To solve the system of equations, we have:
- \( x + y = 80 \) (Equation 1)
- \( 6x + 4y = 420 \) (Equation 2)
Where:
- \( x \) is the number of adult tickets sold.
- \( y \) is the number of child tickets sold.
Let's analyze the options given for their validity against these equations:
-
Testing (20, 60):
- \( x = 20 \) and \( y = 60 \)
- From Equation 1: \( 20 + 60 = 80 \) (correct)
- From Equation 2: \( 6(20) + 4(60) = 120 + 240 = 360 \) (not correct)
-
Testing (30, 50):
- \( x = 30 \) and \( y = 50 \)
- From Equation 1: \( 30 + 50 = 80 \) (correct)
- From Equation 2: \( 6(30) + 4(50) = 180 + 200 = 380 \) (not correct)
-
Testing (40, 40):
- \( x = 40 \) and \( y = 40 \)
- From Equation 1: \( 40 + 40 = 80 \) (correct)

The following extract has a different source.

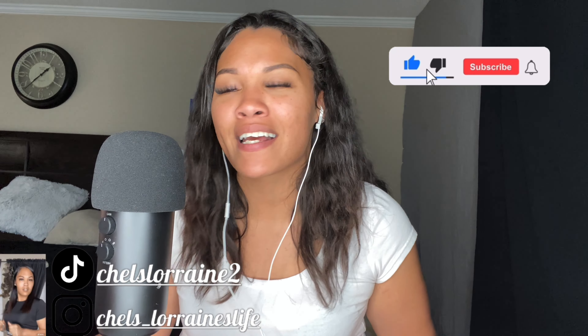What's up with it Rain Gang, it's your girl Chelsea Rain and I came to do my thing. If you like what you see, like, comment, subscribe, and hit that bell so you'll be notified. What's up with it Rain Gang, it's your girl Chelsea Rain — I'm back with another video!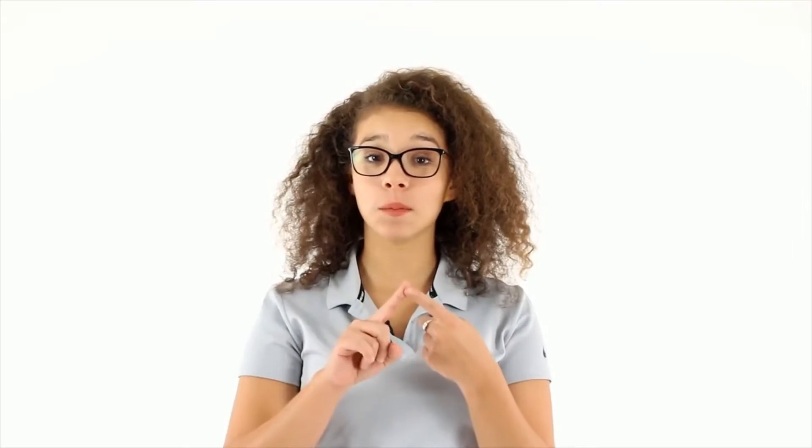Hey guys! It's D'Andra with Vive Health and in this video I'm going to show you how to set up, how to use, and how to drain your cold therapy device.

- From Equation 2: \( 6(40) + 4(40) = 240 + 160 = 400 \) (not correct)
-
Testing (50, 30):
- \( x = 50 \) and \( y = 30 \)
- From Equation 1: \( 50 + 30 = 80 \) (correct)
- From Equation 2: \( 6(50) + 4(30) = 300 + 120 = 420 \) (correct)
The only solution that satisfies both equations is (50, 30).
This means that 50 adult tickets and 30 child tickets were sold that day at the movie theater.